I like to think that I have a modicum of intelligence, but sometimes I see things that just make no sense to me.
Thursday, the Supreme Court of the United States threw out a New York law that required a person to prove they had a "proper cause" for getting a permit to carry a concealed gun.
Clarence Thomas wrote majority decision Photo: https://conservativefighters.org |
Justice Clarence Thomas wrote for the majority, stating
We know of no other constitutional right that an individual may exercise only after demonstrating to government officers some special need. That is not how the First Amendment works when it comes to unpopular speech or the free exercise of religion. It is not how the Sixth Amendment works when it comes to a defendant's right to confront the witnesses against him. And it is not how the Second Amendment works when it comes to public carry for self defense.
Of course, leftists across the country are having fits. Even though the Second Amendment of the Constitution specifically says
A well regulated Militia, being necessary to the security of a free State, the right of the people to keep and bear Arms, shall not be infringed,
a number of people feel that state and local governments should be able to write laws that restrict that right. Kamala Harris tweeted:
Does everyone understand what a concealed weapon means? That you have no forewarning. That someone could hide a weapon on them and go into our subways, go into our grocery stores up in Buffalo, New York where I am from, go into schools in Parkland or Uvalde. This could place millions of New Yorkers in harms way.
The Manhattan subway shooter was in New York City -- known for its strict gun laws. The Buffalo grocery store shooter was in New York State, also known for its strict gun laws. These shootings happened on your turf Governor with the restrictions that heretofore were in effect. What did those laws do other than let the shooters know that they would face no opposition?
Meanwhile, leftists have their knickers in a knot about how Dobbs v. Jackson Women’s Health Organization may result in overturning Roe v Wade. They say that Roe is established case law and therefore carved in stone never to be overturned. Apparently they think Plessy v Ferguson should still be applied and that Brown v Board of Education was an illegitimate decision.
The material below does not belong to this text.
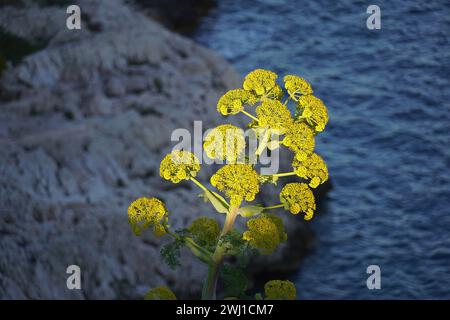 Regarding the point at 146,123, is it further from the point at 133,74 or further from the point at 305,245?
the point at 305,245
If not then they are upset that the Supreme Court ruled that something that the Constitution does not specifically says is not specifically said in Constitution.
Currently, the only thing that applies to Federal laws regarding abortion is found in the Tenth Amendment:
The powers not delegated to the United States by the Constitution, nor prohibited by it to the States, are reserved to the States respectively, or to the people.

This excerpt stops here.